El más pequeño de mis nietos, José, de tres años de edad, me pidió que lo cargara, cuando le pregunté por qué, sonriendo me dijo que quería sentirse más alto. El mayor de mis nietos, Sebastián, de catorce años de edad, me pidió me parara junto a él, cuando le pregunté para qué, me dijo: porque quiero llegar más alto que tú. No necesité preguntarles si me amaban, porque de alguna manera veía en mí algo que les atraía y que yo interpretaba como: Si me cargas, diría José, podré estar más cerca de ti y con mis pequeños brazos podré abrazarte hasta que mi mejilla roce la tuya y mis labios puedan besarla. Si te paras junto a mí, diría Sebastián, podré demostrarte que casi estoy a tu altura y poder abrazarte sin la necesidad de que me cargues en tus brazos como lo hacías ayer.
Tal vez muchos de nosotros estemos acostumbrados a tener una comunicación más directa, deseamos con ello tener la seguridad de entender los mensajes que nos están transmitiendo verbalmente las personas con las que convivimos, pero yo les aseguro, que en muchas ocasiones, una mirada, un gesto, una caricia, son más efectivos para saber lo que la otra persona nos quiere decir o hacer sentir.

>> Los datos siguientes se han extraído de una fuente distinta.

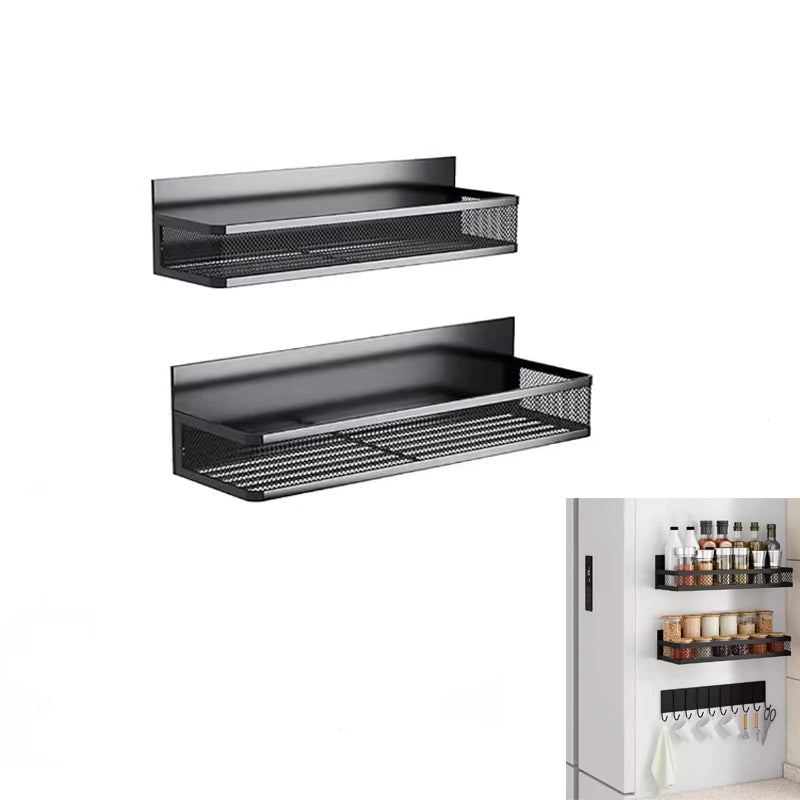 Black metal magnetic spice rack shelves and hooks attached to side of refrigerator, holding spices, condiments, and kitchen utensils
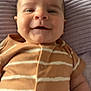 Jaxon is registered to the contest to win money with this photo: baby, infant, smiling, face, clothing, onesie, striped, blanket, textured, lying_down, happy, cute, child, skin, head, arm, closeup, portrait, person, soft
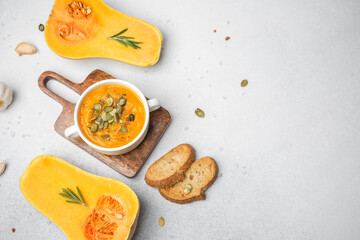 Butternut squash soup with seeds and bread on a wooden board with pumpkin and garlic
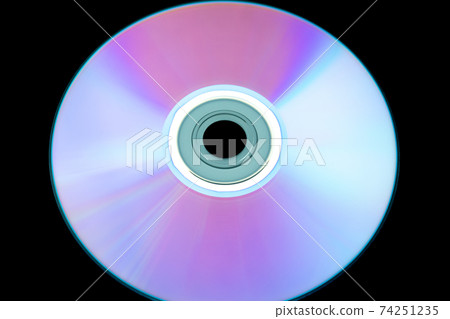 CD disc black background CD disc black background 74251235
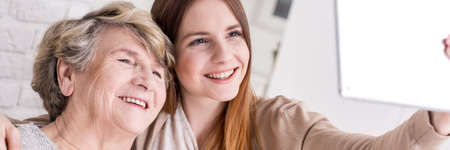 Young granddaughter teaching smiling grandmother how to do selfie with tabletの写真素材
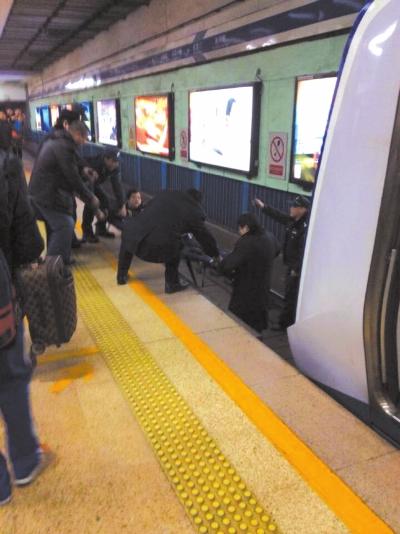 地鐵工作人員將林某從站臺下救起。網(wǎng)友供圖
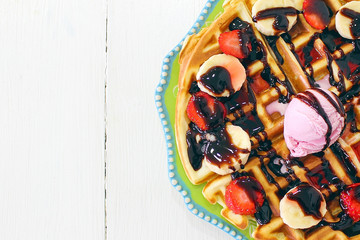 Young girl sitting caffe eating breakfast waffle with chocolate sauce,banana slices and strawberries on green ceramic plate and photographed her breakfast,space for text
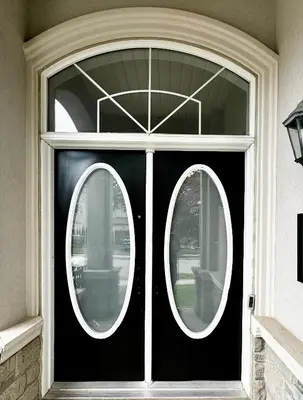 a black front door with two round windows at Modern 1-Bedroom Apartment - Near Airport & Toronto Downtown in Brampton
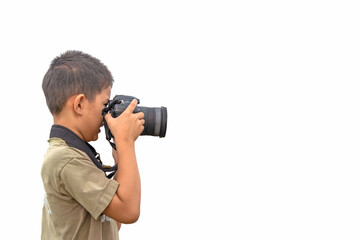 Fototapeta na wymiar Asian boy holding a digital camera or DSLR to taking a photo isolated on white background.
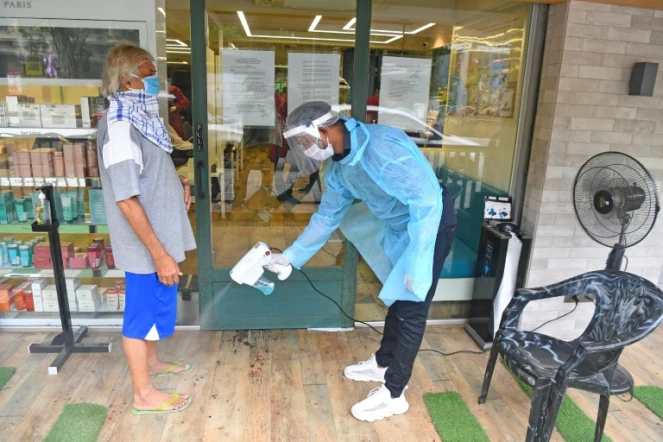 Un employé désinfecte les pieds d'un client avant qu'il entre dans un salon de coiffure, le 28 juin 2020 à Bombay, en Inde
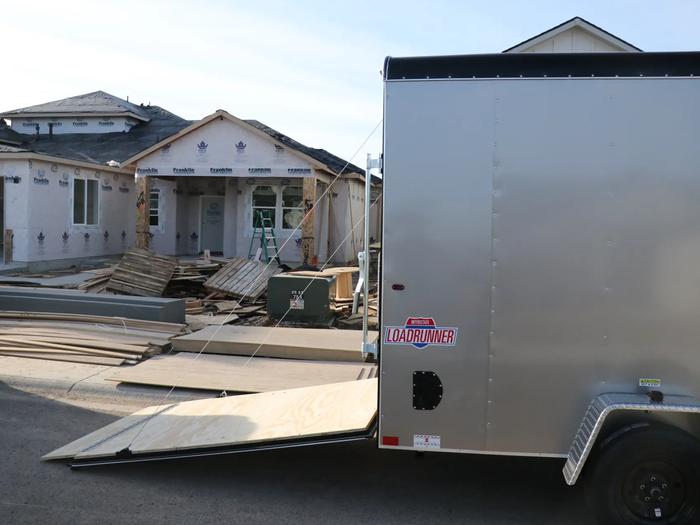 Black single-axle utility trailer with wood deck and rear mesh ramp gate parked on gravel in front of a blue building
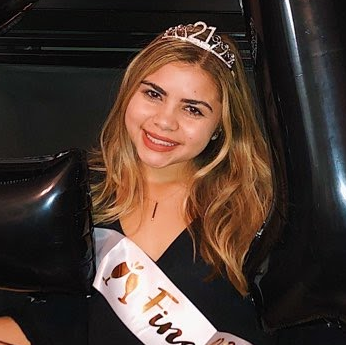Young woman wearing a 21st birthday tiara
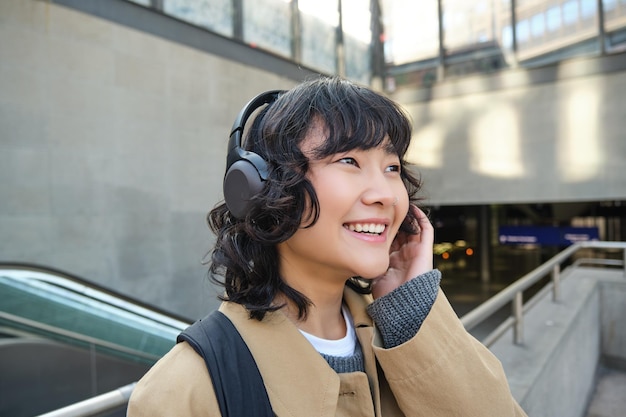 Feche o retrato da menina coreana em fones de ouvido estudante ouve música em fones de ouvido e sorri anda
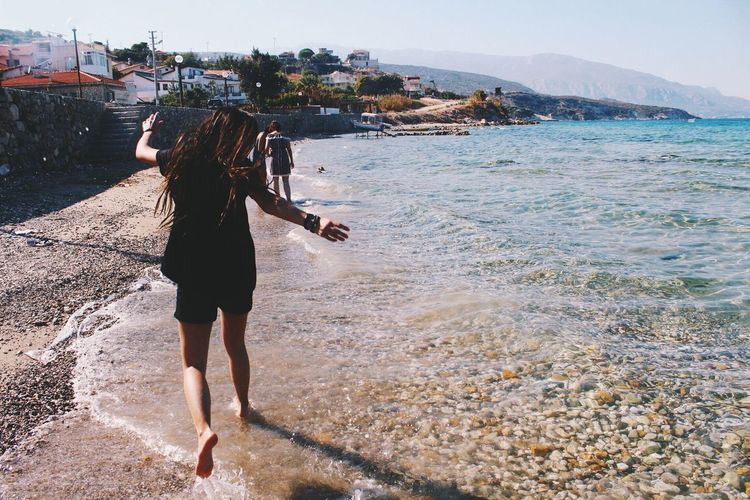 Girl jumping on shore at beach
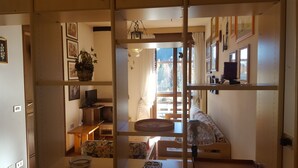 En hyggelig stue med trægulv, sofa, spisebord og et fjernsyn på et stativ. Der er reoler med pynteting og et vindue med gardiner.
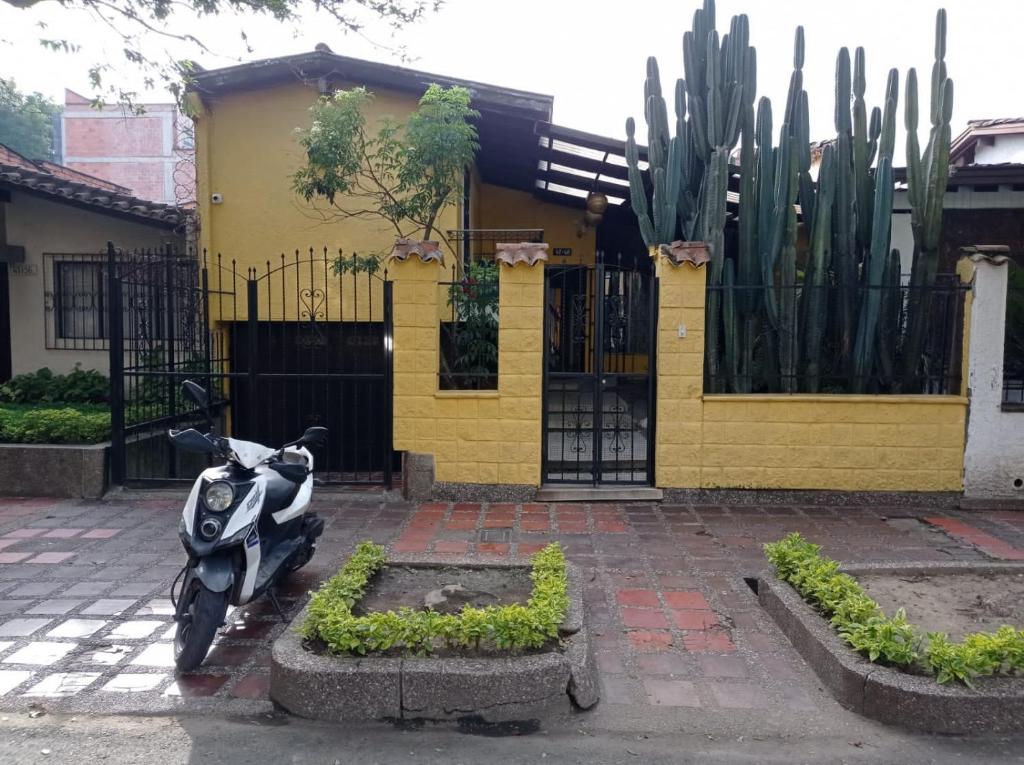 a motorcycle parked in front of a house with a fence at Yellow House Hostel in Medellín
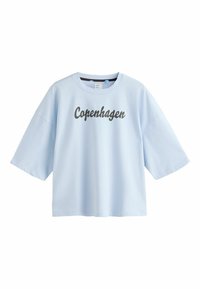 T-shirt oversize bleu clair avec « Copenhagen » écrit en écriture sombre sur la poitrine, avec un col rond et des manches courtes.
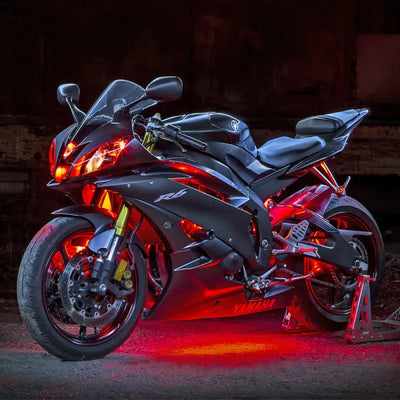 Black Yamaha R6 motorcycle lit up with red lights from XK Glow LED strip kit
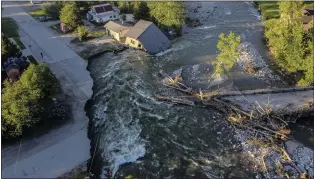  ?? DAVID GOLDMAN — THE ASSOCIATED PRESS ?? A house sits in Rock Creek on Wednesday after floodwater­s washed away a road and a bridge in Red Lodge, Mont. Part of Yellowston­e National Park is likely to remain closed for the rest of the summer.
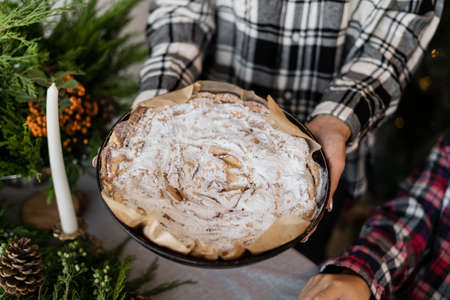 Christmas cake in the form. Female hands hold the shape with an apple pie. Homemade cakes with powdered sugar. Bake for Christmasの写真素材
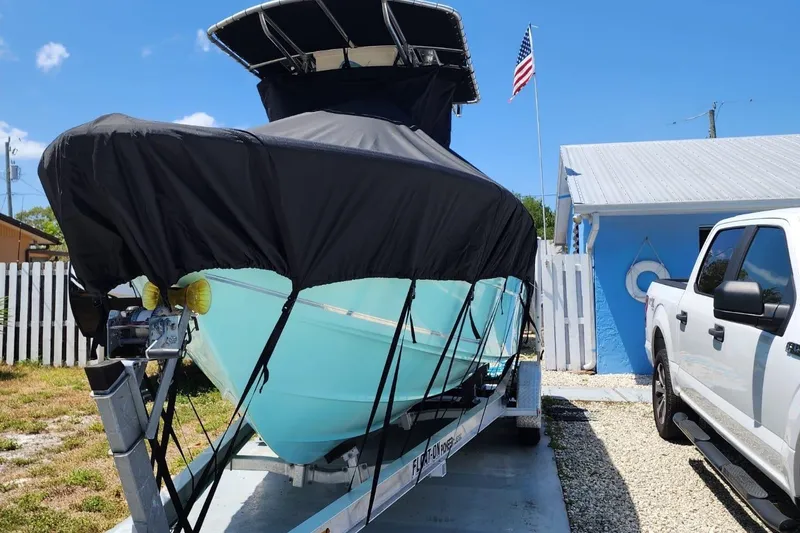 Slide: The Image of 2017 Bulls Bay 230 Center Console boat covered on trailer, American flag in background. - 45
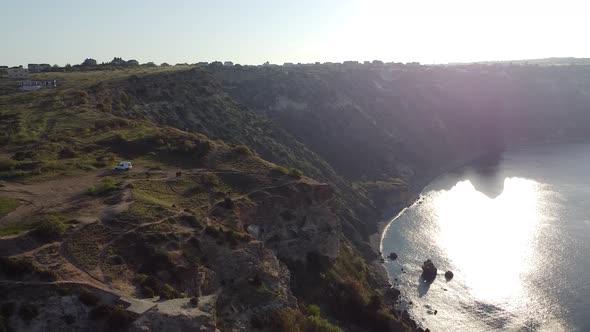 Drone footage of a cliff at sunrise with sea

Si mi corazón escucha el callado mensaje de una mirada, de un gesto, o de una suave caricia, le basta para experimentar la misma emoción que si recibiera el mensaje a través de las palabras; pero si me abrazas, me acaricias o me besas, mi corazón le hará sentir al tuyo el gran amor que los une.
La energía positiva que se establece entre el más pequeño y el más grande de mis nietos, regresa a mí convertido en amor, porque igual José crecerá ya no necesitará que lo cargue y Sebastián me alzará en sus brazos para poder abrazarme.